Неоценимая заслуга Хрущева заключалась в том, что он допустил и даже поддержал «необратимое раскрепощение» сознания, сказавшееся в истории нашей литературы с удивительной силой. Удивительной, потому что после тяжелых ударов, нанесенных в годы борьбы с космополитизмом (1949–1953), она вновь показала жизнестойкость, веру в будущее и способность изобразить духовную жизнь общества, так долго подвергавшегося насилию.
В шестидесятых годах оживление сказалось прежде всего в том, что появились новые писатели.

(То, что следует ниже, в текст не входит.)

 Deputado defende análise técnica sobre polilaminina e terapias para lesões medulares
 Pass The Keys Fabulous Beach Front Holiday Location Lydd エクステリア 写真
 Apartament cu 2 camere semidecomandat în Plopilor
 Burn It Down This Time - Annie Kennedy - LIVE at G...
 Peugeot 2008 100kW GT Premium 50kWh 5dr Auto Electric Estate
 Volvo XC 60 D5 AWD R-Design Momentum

Ю.Казаков выступил с рассказами, доказавшими, что классическая традиция как была, так и осталась явлением, сопровождавшим все другие. В его лучших произведениях стилевая манера призвана, чтобы выразить исконные для русской литературы темы. В.Конецкий, моряк и писатель, опубликовал книги, в которых пытается нащупать новый в нашей литературе жанр романа-эссе. Появился
В.Аксенов, о котором можно было бы сказать, что судьба ему вручила «билет дальнего следования» (как писал в двадцатых годах обо мне Е.Замятин). От первых реалистических, вызвавших горячие споры романов и рассказов он в семидесятых годах перешел к своеобразной полуфантастической-полусатирической прозе, которая была мало сказать далека — вызывающе, принципиально далека от официальной литературы. Читая «Стальную птицу», например, начинаешь понимать, что ошеломляющая новизна «Мастера и Маргариты» уже не одинока в нашей литературе. В.Тендряков, который одновременно с В.Овечкиным и Г.Троепольским появился еще в пятидесятых годах, развернулся в шестидесятых и опубликовал такую правдивую и смелую повесть, как «Кончина».

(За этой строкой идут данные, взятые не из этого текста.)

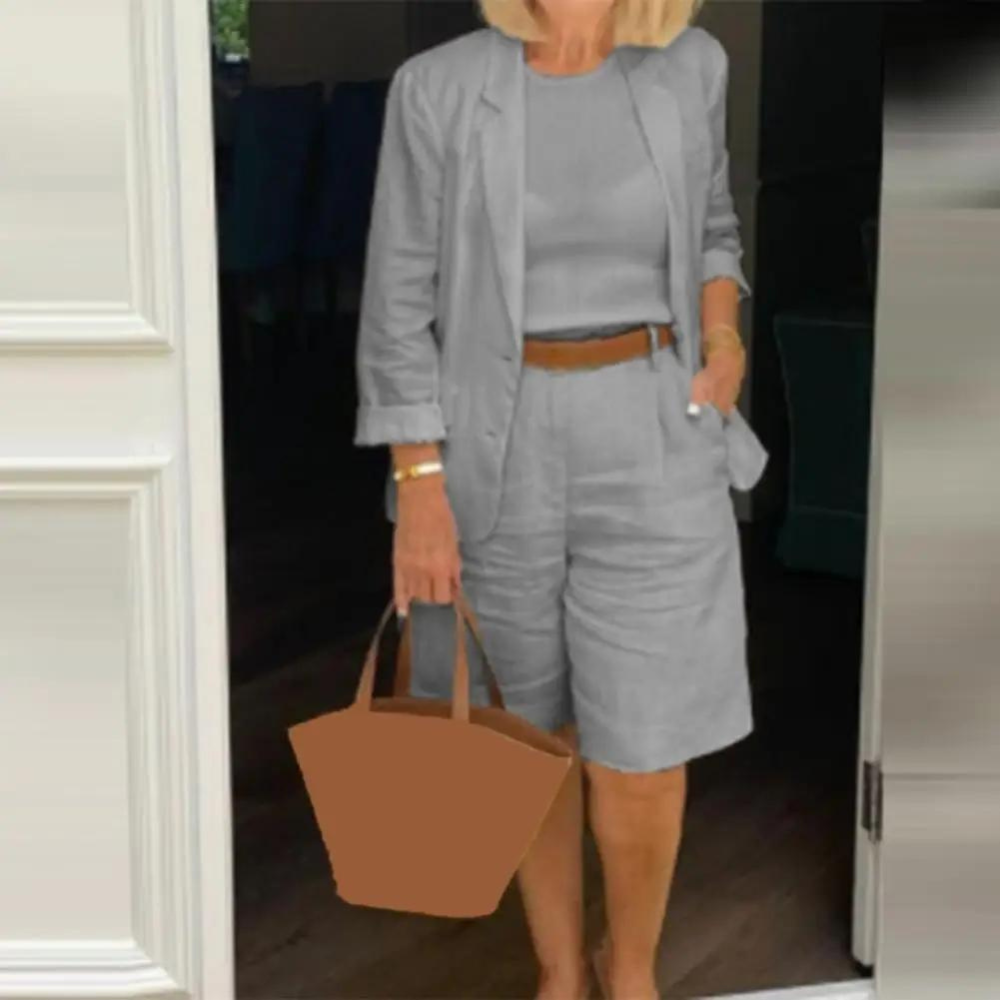 GR | Luxurious blazer and shorts ensemble for women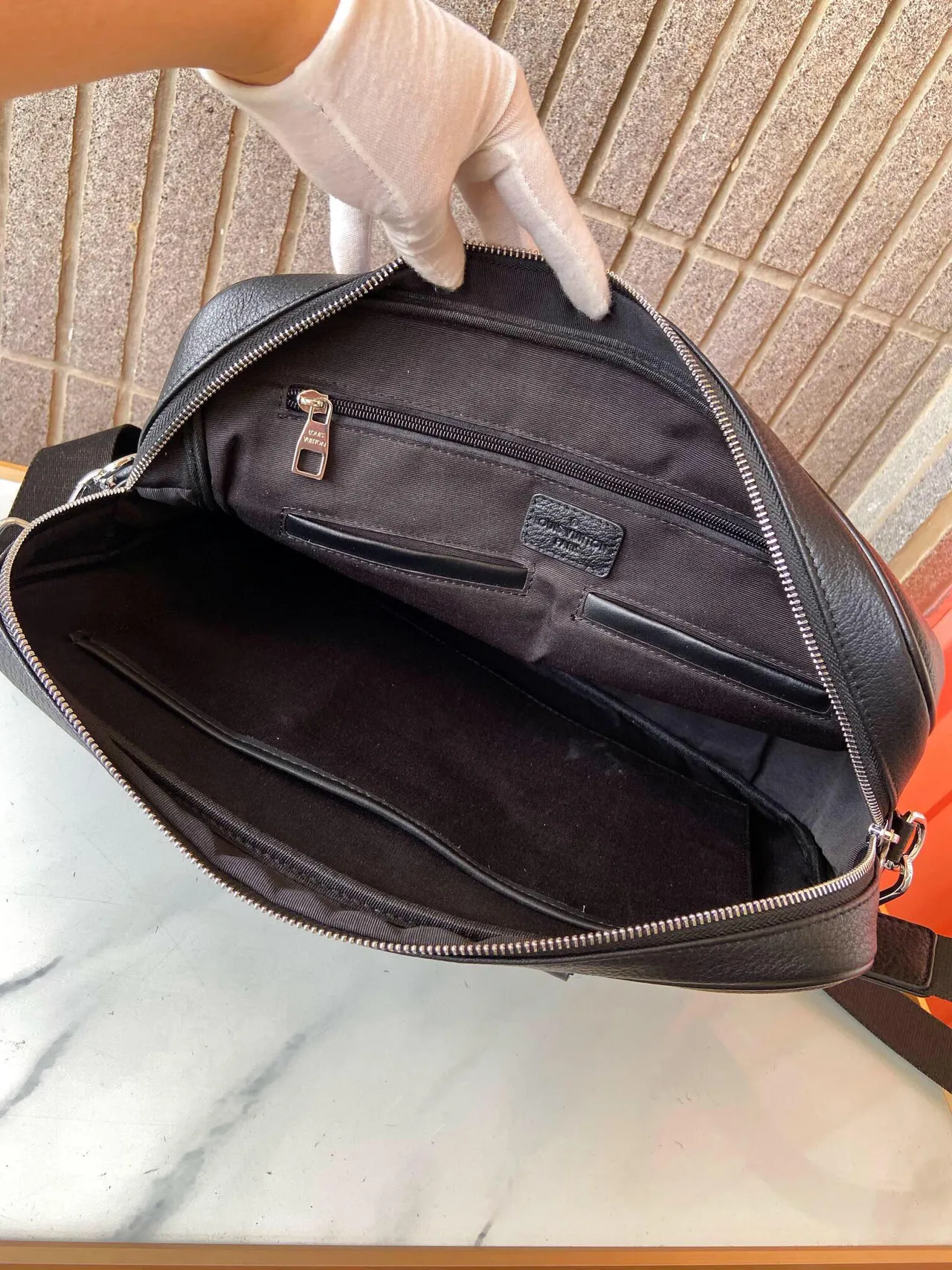 Louis Vuitton 1867 Preto Estruturado Couro Granulado Sacola Tote 2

Я не пишу историю нашей литературы и поэтому называю лишь немногие имена; уже и они говорят об оживлении, характерном в равной мере и для поэзии, и для критики, и для литературоведения.
Журнал «Новый мир» под руководством А.Твардовского определился в шестидесятых годах как направление — не в том смысле, который мы некогда придавали этому термину, а совсем в другом — как институт общественно-литературный, как совокупность нравственных норм. В этом смысле он стал как бы орудием отбора лучших произведений. Понятие порядочности, названное или неназванное, было неотъемлемо связано с этими нормами — завоевание, которое трудно переоценить.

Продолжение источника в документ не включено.